MEDAN, SUARASUMUTONLINE.ID – Lembaga Pemasyarakatan (Lapas) Kelas I Medan menggelar tasyakuran dalam rangka memperingati Hari Bakti Pemasyarakatan (HBP) ke-62 Tahun 2026, sebagai upaya memperkuat komitmen dalam meningkatkan kualitas pelayanan kepada masyarakat.
Kegiatan yang berlangsung pada Senin (27/4) tersebut dilaksanakan secara khidmat dan penuh kebersamaan, sekaligus menjadi momentum refleksi bagi jajaran pemasyarakatan dalam menjalankan tugas dan fungsi pembinaan.
Mengusung tema “Pemasyarakatan Kerja Nyata, Pelayanan Prima”, peringatan ini diharapkan mampu mendorong peningkatan kinerja, penguatan integritas, serta pelayanan yang profesional dan humanis.
Kepala Lapas Kelas I Medan, Fonika Affandi, mengatakan peringatan HBP bukan sekadar seremoni, melainkan pengingat bagi seluruh insan pemasyarakatan untuk terus bekerja nyata dalam memberikan pembinaan optimal kepada warga binaan dan pelayanan terbaik kepada masyarakat.
“Momentum ini menegaskan pentingnya sinergi dan kolaborasi lintas lembaga guna meningkatkan kualitas pembinaan di dalam lapas,” ujarnya.
Rangkaian kegiatan diawali dengan mengikuti peringatan HBP ke-62 secara nasional melalui virtual bersama Menteri Imigrasi dan Pemasyarakatan serta seluruh satuan kerja pemasyarakatan di Indonesia. Dalam kegiatan tersebut ditekankan pentingnya inovasi, sinergi, dan komitmen bersama dalam membangun sistem pemasyarakatan yang berorientasi pada pelayanan publik.

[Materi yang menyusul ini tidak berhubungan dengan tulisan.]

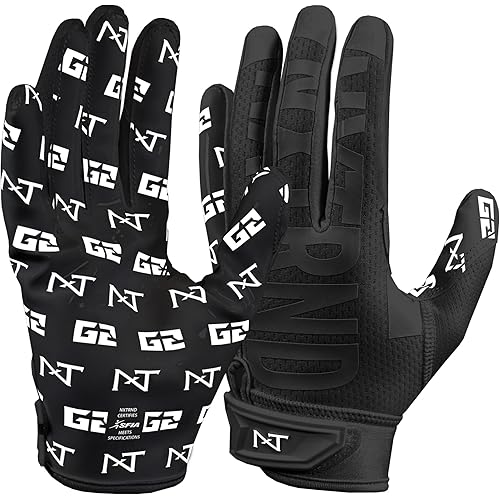 Nxtrnd G2 Pro Football Gloves, Men's Ultra Sticky Elite Receiver Gloves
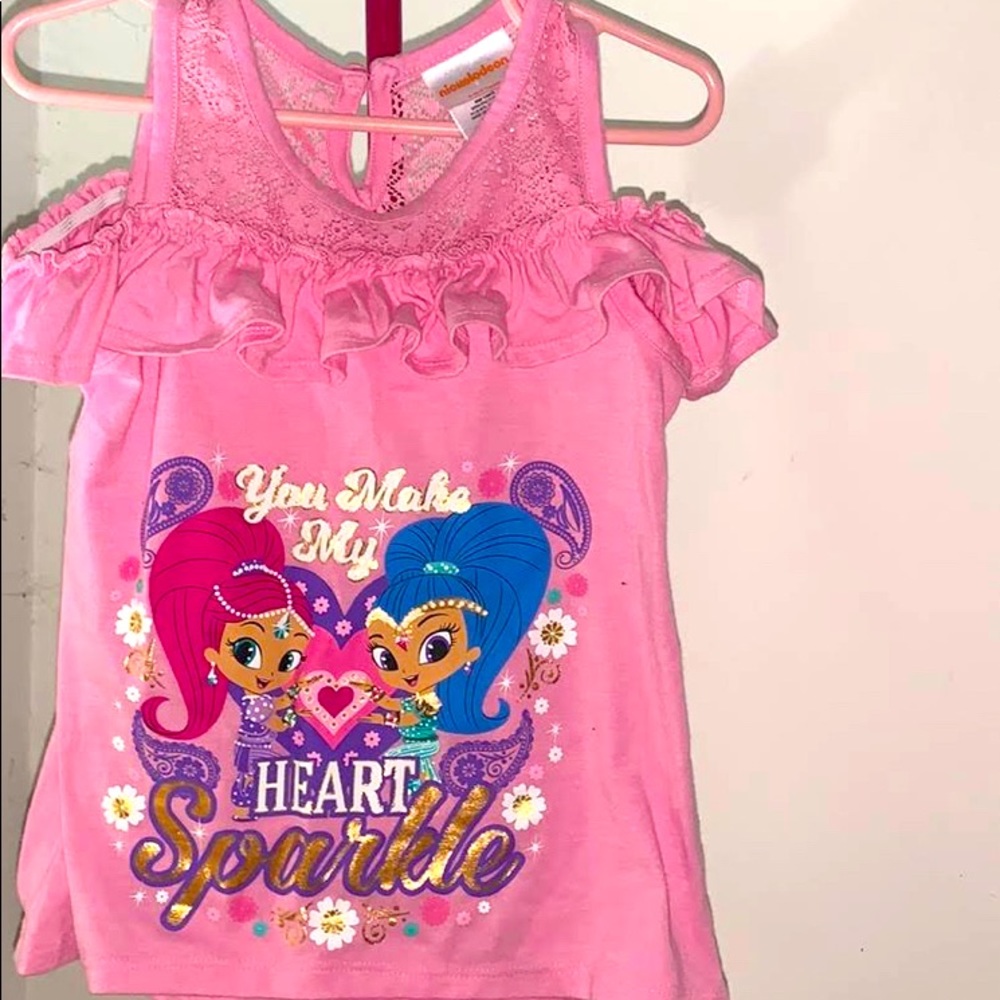 Shimmer and Shine Nickelodeon Pink Shirt! Size:6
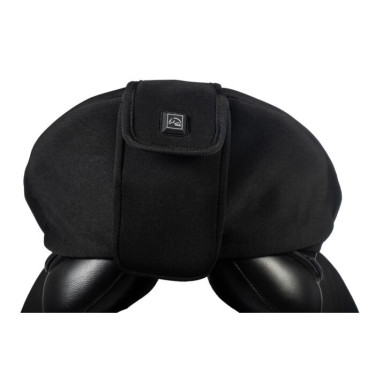 Funda de asiento calefactable HKM para equitación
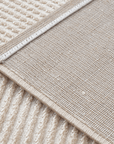 Tapis beige et blanc motif chevron 160 x 230 cm HERRING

Sebelumnya, pihak lapas juga telah melaksanakan berbagai kegiatan untuk menyemarakkan HBP, di antaranya kegiatan sosial kemasyarakatan, pembinaan warga binaan, olahraga bersama, hingga aksi kepedulian sosial yang melibatkan pegawai dan warga binaan.

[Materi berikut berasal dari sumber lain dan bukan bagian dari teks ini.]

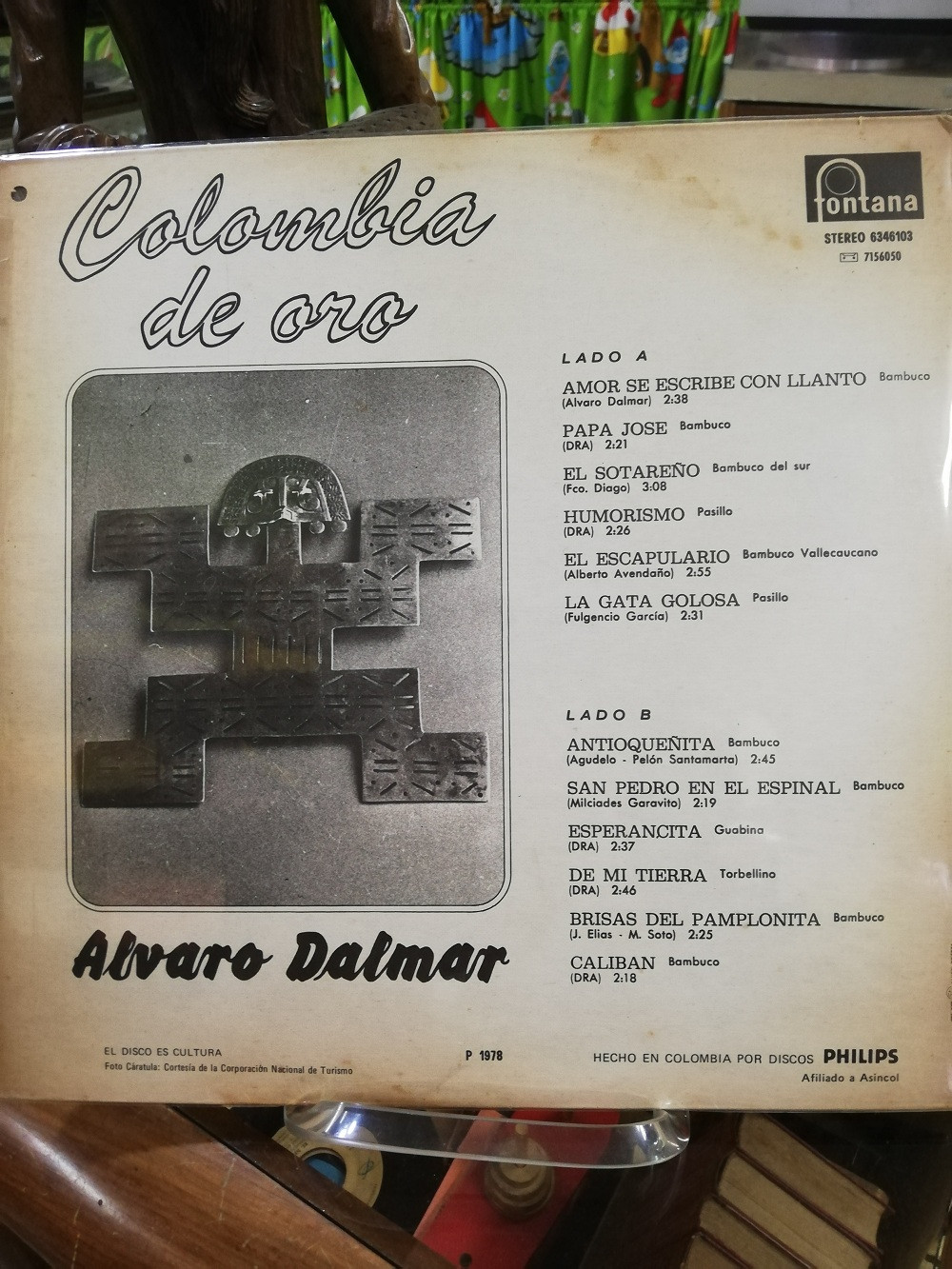 Imagen LP ALVARO DALMAR - COLOMBIA DE ORO VOL. 10 2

Sebagai bentuk rasa syukur, kegiatan ditutup dengan prosesi pemotongan tumpeng yang mencerminkan harapan agar pemasyarakatan semakin profesional, berintegritas, serta memberikan kontribusi positif bagi pembangunan.
Fonika menambahkan, seluruh jajaran pemasyarakatan di Sumatera Utara berkomitmen memperkuat sinergi dan kolaborasi dengan berbagai pihak, termasuk lintas kementerian dan lembaga, guna mendukung keberhasilan program pembinaan di dalam lapas.
Selain itu, pihaknya juga menegaskan komitmen dalam menjalankan program akselerasi Kementerian Imigrasi dan Pemasyarakatan, termasuk pemberantasan peredaran barang terlarang di dalam lapas serta penegakan aturan secara konsisten.
“Seluruh petugas berkomitmen mewujudkan pemasyarakatan yang bersih, taat asas, dan taat aturan,” katanya.